▶ **Directions**: Please write out exactly the lines of the data below from the line holding "Bluzka damska bawełniana" through the line holding "Purple Feather Art: Bohemian", and leave out the rest.

▶ **Dataset records**:
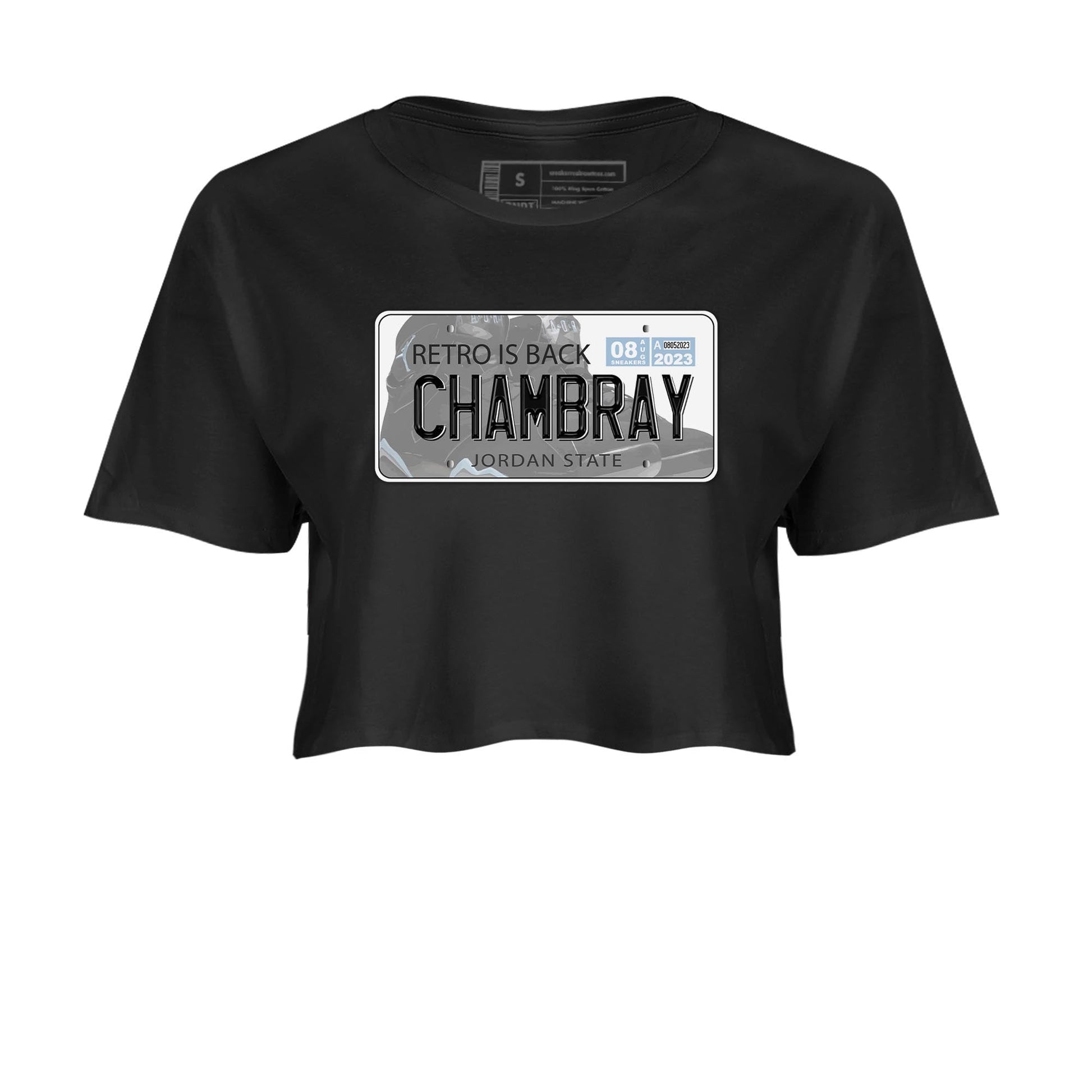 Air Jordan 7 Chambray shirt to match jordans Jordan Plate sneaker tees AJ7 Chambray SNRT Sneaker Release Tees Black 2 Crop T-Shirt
--
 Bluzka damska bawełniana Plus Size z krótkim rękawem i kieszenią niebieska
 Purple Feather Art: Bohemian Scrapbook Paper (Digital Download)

▶ **Solved exercise**:
 Bluzka damska bawełniana Plus Size z krótkim rękawem i kieszenią niebieska
 Purple Feather Art: Bohemian Scrapbook Paper (Digital Download)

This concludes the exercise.